Today I carried on from yesterday, decorating drinking bowls. It seems to be taking forever to make a kiln load of pots this time around - everything is small or flat. I still have a lot of small pots to make to send to Japan, but I'm stressing about getting a kiln full of pots in time for the firing deadline. Here's a link to an album of pictures of this month's production. I decided I should take a bit of pressure off and make some bigger pots. I felt back in my comfort zone today with these 8lb jugs. I'll make some more tomorrow, or maybe some bigger jugs if I feel well enough. Man flu is coming over me this evening, so I'm feeling sorry for myself. A hot bath and an early night is called for I think.
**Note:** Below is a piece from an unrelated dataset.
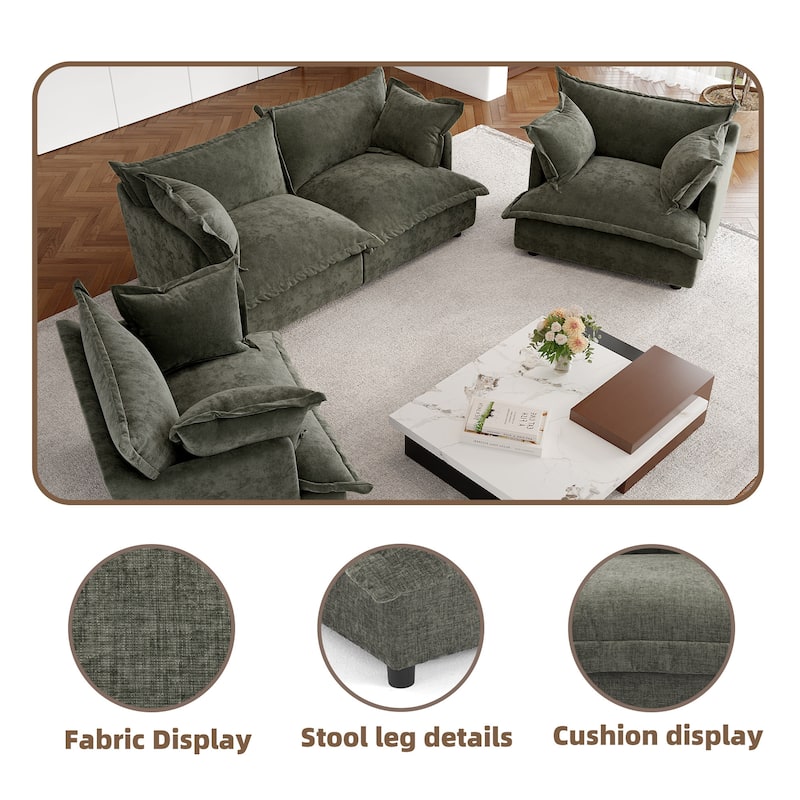 Double Layer Cushion Comfy Cloud Modular Sectional Sofa Set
I went to work on Saturday morning. Marky Mark came over and we spent a few hours sipping tea, talking rubbish and decorating pots. These are some basins that I fingerwiped. And some shiny, dribbly slip on a jug. Saturday night was the final performance of the pantomime, Cinderella. I enjoyed it all very much this year, nevertheless, it'll be good to have my evenings back again now that it's all over. It's a huge commitment, with at least two rehearsals a week for several months. I played the part of a baron, although I look a bit like an ancient member of some dodgy re-formed, '80's New Romantic band!
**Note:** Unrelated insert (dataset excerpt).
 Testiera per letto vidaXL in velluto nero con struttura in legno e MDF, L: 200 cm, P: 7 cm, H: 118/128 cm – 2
Here's a little film, showing Saturday's workshop activity and the 'it's behind you' scene from the panto. I wonder how much sense it will make to you folks across The Pond. We're very easily pleased, we Brits!
Have a lovely day all, I'm off to work to make some big fat jugs, woohoo!
I took Luke to his college interview yesterday. During the day I was remembering back to when I was his age and my Dad took me to my interview in Derby.
I recall being very nervous, but was soon put at ease by Keith Maskell, who was the head of the course. He chatted about the poorly-made, lumpy pots that I had taken with me, in the kind, encouraging manner, for which I grew to know him, before offering me a place. I was greatly saddened when I got home last night, to receive the news that he has just passed away.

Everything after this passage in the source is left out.